Albert Methfessel (6 October 1785 – 23 March 1869) was a German composer, singer, musicologist, and conductor. Originally destined by his parents for service in the church, like his older brother, he left theological studies because of his great interest in music. Given a scholarship by local nobility, he was able to formally study music, and then return to his hometown of Rudolstadt to perform and sing for twelve years. He spent three years in Hamburg before becoming an itinerant musician for seven years.

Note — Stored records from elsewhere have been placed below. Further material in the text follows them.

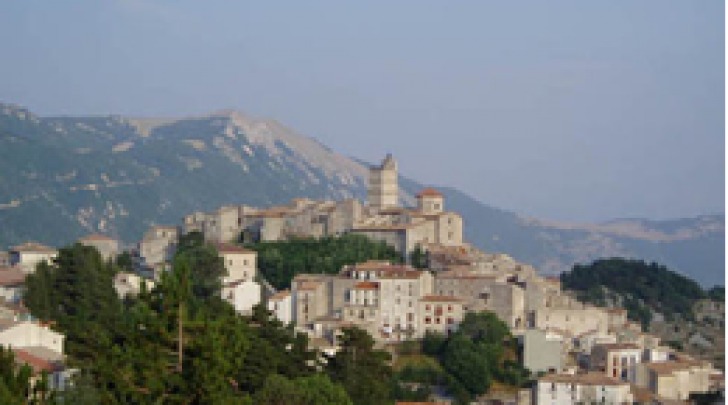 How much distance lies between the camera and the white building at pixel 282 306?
55156mm

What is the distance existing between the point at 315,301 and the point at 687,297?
31.5 meters

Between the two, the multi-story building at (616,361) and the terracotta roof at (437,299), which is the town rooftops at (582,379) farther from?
the terracotta roof at (437,299)

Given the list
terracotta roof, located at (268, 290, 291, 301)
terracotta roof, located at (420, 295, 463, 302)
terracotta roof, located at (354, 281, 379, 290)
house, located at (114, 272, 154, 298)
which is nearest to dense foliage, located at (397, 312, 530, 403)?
terracotta roof, located at (420, 295, 463, 302)

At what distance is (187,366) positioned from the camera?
28141 mm

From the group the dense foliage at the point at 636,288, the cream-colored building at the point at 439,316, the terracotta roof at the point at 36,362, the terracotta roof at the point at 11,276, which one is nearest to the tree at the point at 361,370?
the cream-colored building at the point at 439,316

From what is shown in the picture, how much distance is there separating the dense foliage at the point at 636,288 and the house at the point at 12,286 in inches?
1061

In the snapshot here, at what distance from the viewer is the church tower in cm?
7094

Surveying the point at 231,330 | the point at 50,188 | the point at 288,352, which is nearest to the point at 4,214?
the point at 50,188

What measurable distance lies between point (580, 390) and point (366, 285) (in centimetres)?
929

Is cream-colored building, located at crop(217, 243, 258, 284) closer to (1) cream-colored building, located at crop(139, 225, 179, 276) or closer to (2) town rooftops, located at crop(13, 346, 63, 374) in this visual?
(1) cream-colored building, located at crop(139, 225, 179, 276)

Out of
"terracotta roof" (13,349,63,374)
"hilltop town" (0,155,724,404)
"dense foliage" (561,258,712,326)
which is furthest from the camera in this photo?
"dense foliage" (561,258,712,326)

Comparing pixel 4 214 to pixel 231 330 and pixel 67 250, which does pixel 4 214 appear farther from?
pixel 231 330

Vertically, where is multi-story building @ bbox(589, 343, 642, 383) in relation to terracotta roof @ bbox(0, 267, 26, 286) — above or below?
below

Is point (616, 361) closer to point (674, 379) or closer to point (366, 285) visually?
point (674, 379) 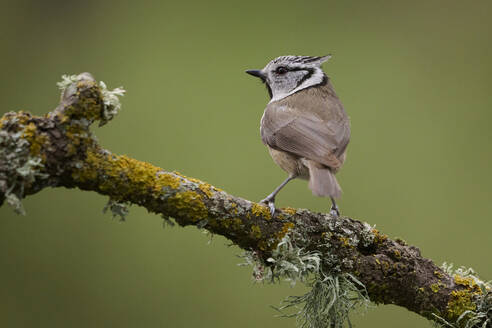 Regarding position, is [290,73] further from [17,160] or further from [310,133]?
[17,160]

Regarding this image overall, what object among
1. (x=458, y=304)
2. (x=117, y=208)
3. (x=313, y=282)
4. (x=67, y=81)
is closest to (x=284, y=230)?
(x=313, y=282)

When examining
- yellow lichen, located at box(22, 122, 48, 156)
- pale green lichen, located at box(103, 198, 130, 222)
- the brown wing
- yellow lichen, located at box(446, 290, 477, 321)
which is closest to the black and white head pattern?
the brown wing

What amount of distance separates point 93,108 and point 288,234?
0.94 meters

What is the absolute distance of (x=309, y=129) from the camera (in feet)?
10.7

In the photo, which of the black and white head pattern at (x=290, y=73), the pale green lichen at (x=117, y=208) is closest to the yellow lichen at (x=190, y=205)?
the pale green lichen at (x=117, y=208)

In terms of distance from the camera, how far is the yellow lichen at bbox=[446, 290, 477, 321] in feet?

His period of greatest income was as Kapellmeister in Braunschweig from 1832 to 1842. His career was then hampered by health difficulties, but he continued to compose, write musical treatises, and correspond with his fellow musicians until his death in 1869. He is most well known for his vocal compositions, in particular, his works for students and for male voices.

==Early life and family==
Born Albert Gottlieb Methfessel in Stadtilm, Schwarzburg-Rudolstadt, on 6 October 1785, he was the son of Johann Christian Methfessel (1733–1816) and Sophia Marie (née Gölitz) Methfessel (1745–1818). Johann Christian was the local school teacher and Cantor in Stadtilm, while Sophia was the daughter of a Stadtilm church councilman. Albert's older brother Friedrich Methfessel (1771–1807) also became a song composer of note. He had two sisters, one of whom, Marie (1839–1927), married a clergyman.

==Education==
From a very early age Albert showed a strong proclivity towards music. At the age of twelve, he wrote music for church services and these compositions were utilized by his father in his position of Cantor. His father fervently desired that he become a theologian, a desire that was heightened when older brother Friedrich, having attained a theological degree, abandoned his church career in pursuit of music. After his confirmation he was sent to the Rudolstadt grammar school. Here he was further attracted to music by the music of the prince's chapel, as well as the town choir, the latter of which he immediately joined and soon became its leader. As part of his functions for this position he composed cantatas and motets for the choir.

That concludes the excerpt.